03 de janeiro de 2016 | N° 18403
ARTIGOS - DIANA LICHTENSTEIN CORSO*
UM CONSOLO A CADA ESQUINA
Não sei se é só Porto Alegre que vive uma invasão de farmácias. Edificações vêm abaixo ou se transformam para dar lugar a esses bem iluminados, coloridos e amplos negócios. Lá há substâncias que dão conta de cabelos e pele irretocáveis, dores no corpo e na alma, síndromes que nossos avós nem sequer suspeitavam que fossem possíveis. Você pode adquirir uma variedade de vitaminas que fariam Popeye dominar o mundo e até, se fizer questão, remédios realmente necessários.
Não estou aqui para olhar de fora, sou hipocondríaca profissional e adoro pílulas milagrosas para meus males. Também sou capaz de perder bastante tempo escolhendo produtos de higiene que tornem meus dentes alvos, minha pele uma seda e meus cabelos esvoaçantes. Porém, com a chegada dos 50 anos, há o perigo de sair com os cabelos alvos, os dentes esvoaçantes, mas...

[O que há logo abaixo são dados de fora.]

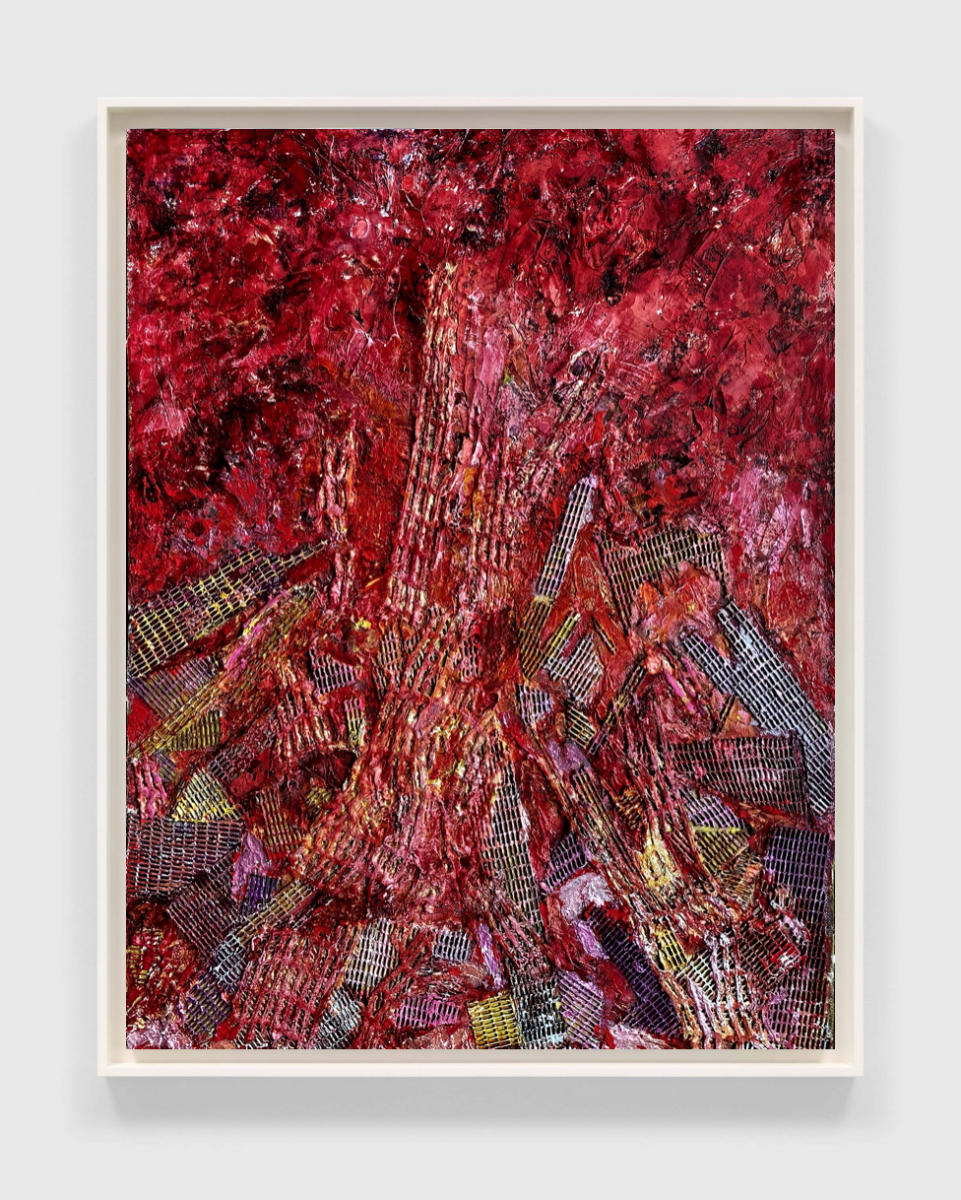 "Crimson Alert" | From the series SHARDS | Liquid acrylics, metallics, plaster, dies and bleach with textile collage on tinted burlap mounted on 3/4" ply | 36" X 48".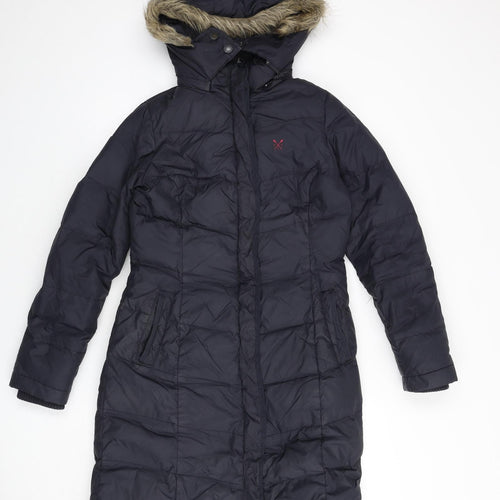 Crew Clothing Womens Blue Parka Coat Size 8 Zip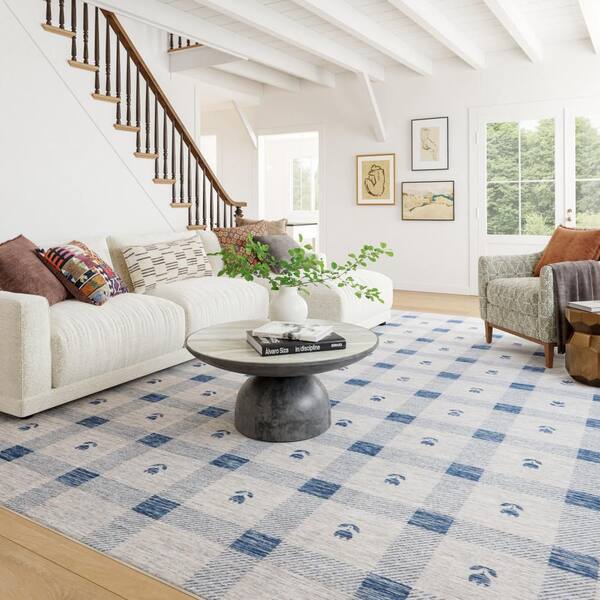 Gingham Machine Washable Blue 9 ft. x 12 ft. Indoor Area Rug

Além das farmácias, são também endêmicos os salões de beleza, agora rebatizados de estéticas, assim como as lojas especializadas em animais domésticos, as pet shops. As primeiras, no passado recente, cuidavam dos cabelos, unhas e ocasionalmente uma maquiagem para festas. Hoje estendem seus serviços muito além do enfeite: pele, gorduras e todo tipo de supostas irregularidades encontram ali alívio e correção. Já as pets são lugares totais. Mistura de cuidados de saúde, estética, creche e loja, oferecem atendimento imediato, doutores 24 horas. Do jeito que andam as emergências dos nossos hospitais, ando invejando minha gata.
O que isso diz de nós?
Que acreditamos em substâncias mágicas: os remédios. Eles de fato são maravilhosos ao combaterem a dor e a morte. Porém, os usamos também para males menores, bastante vagos, assim como esperamos deles proteção e vitalidade. Sem dúvida, nas farmácias encontra-se a alquimia das soluções imediatistas, basta engolir.

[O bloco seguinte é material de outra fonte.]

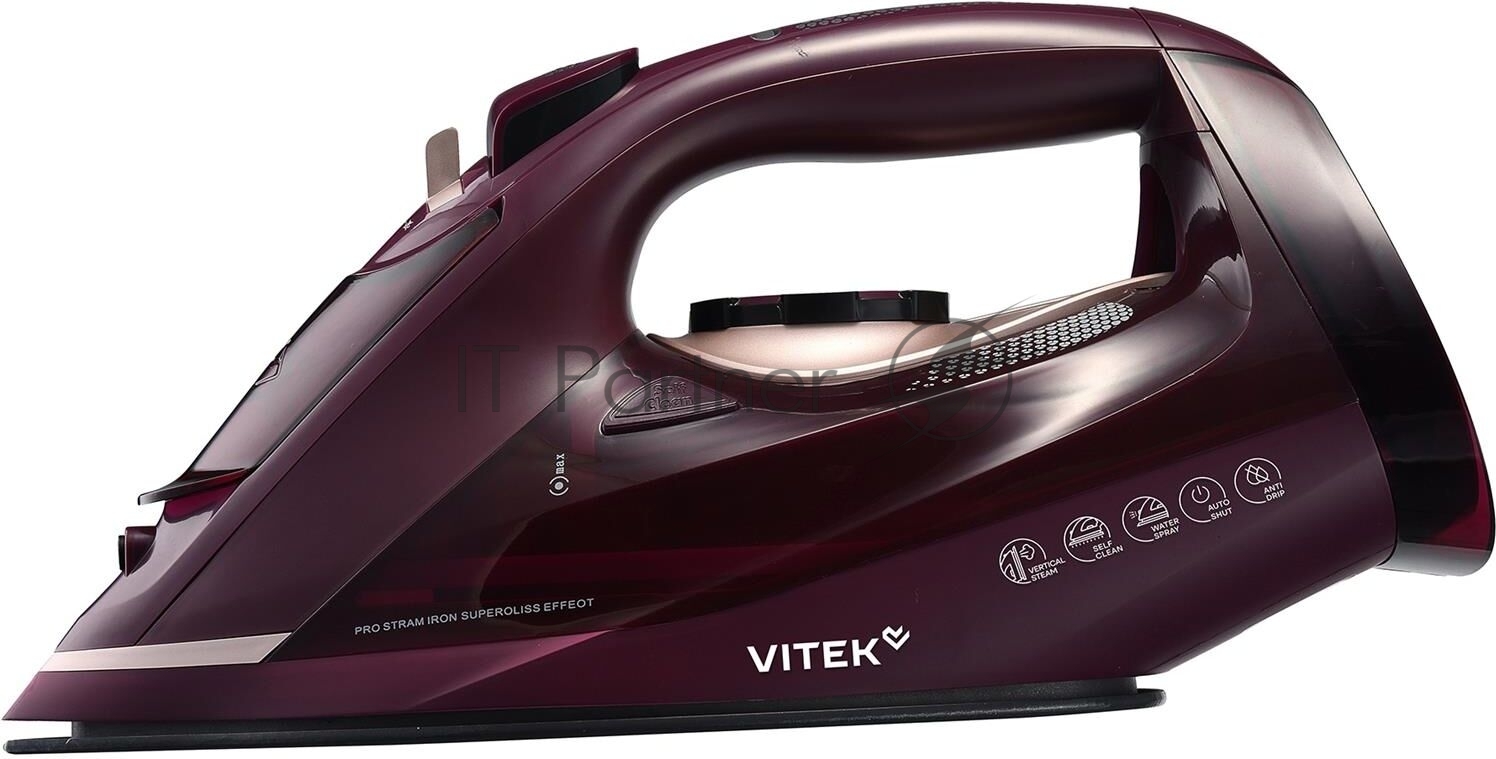 Vitek Утюг Vitek VT-IRN1204 бордовый, 2400 Вт, 23 г/мин, 150 г/мин, 450 мл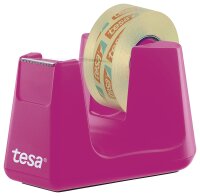 tesa Easy Cut Smart Tischabroller (Klebefilmabroller, mit Stop-Pad für sicheren Stand, mit 4 Rollen tesafilm transparent 33m:19mm) pink 53909-00000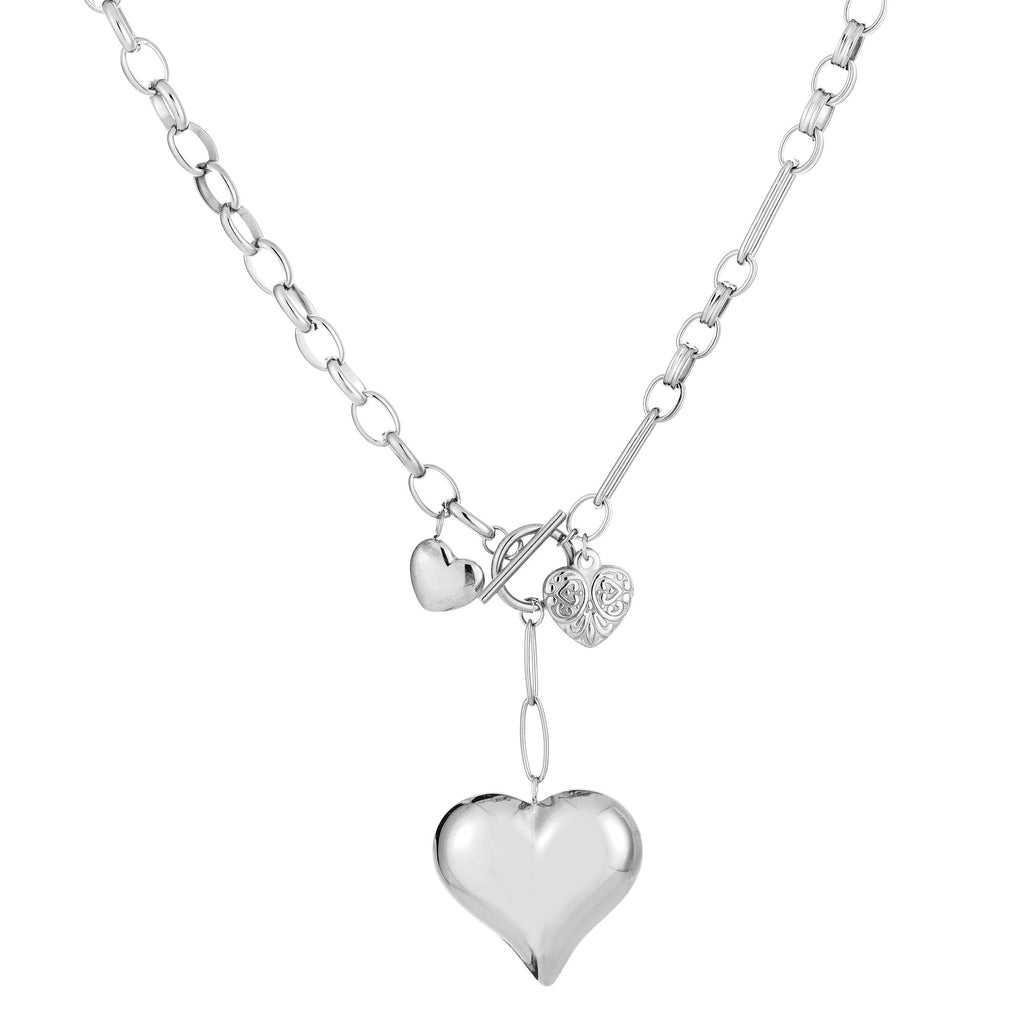 Multi-Heart Charm Necklace Silver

Que cuidamos dos animais porque nos oferecem um afeto tranquilo e previsível. Para eles, toda forma de amor vale a pena, são fiéis e devotados, raramente pedem divórcio e, ao contrário dos filhos, moldam-se às expectativas dos “pais”. As pessoas nos cansam com suas exigências e neuroses, nunca sabemos o que esperar de um amor entre humanos.
Já as estéticas são como uma mãe de aluguel que cuida, massageia, nos alisa, elogia, colore e enfeita. Até porque as mães descuidam, esquecem, acreditam que crescemos. Pagando, o mimo é garantido e vitalício.

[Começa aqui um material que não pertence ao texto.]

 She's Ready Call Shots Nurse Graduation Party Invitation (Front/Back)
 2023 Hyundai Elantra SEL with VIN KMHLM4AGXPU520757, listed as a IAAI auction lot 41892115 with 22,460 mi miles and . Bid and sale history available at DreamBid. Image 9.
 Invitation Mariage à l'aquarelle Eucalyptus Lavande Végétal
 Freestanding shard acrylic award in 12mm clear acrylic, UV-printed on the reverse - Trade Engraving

Por isso, consumimos banhos e tosas, esmaltes, cremes, drenagens e luz pulsada, perlimpimpim, vitaminas, analgésicos e calmantes. Como não ter uma pet shop, uma estética e uma farmácia a cada esquina? A conclusão é inevitável: tornamo-nos uma civilização preguiçosa, imediatista e carente. Dá uma vergonha, né?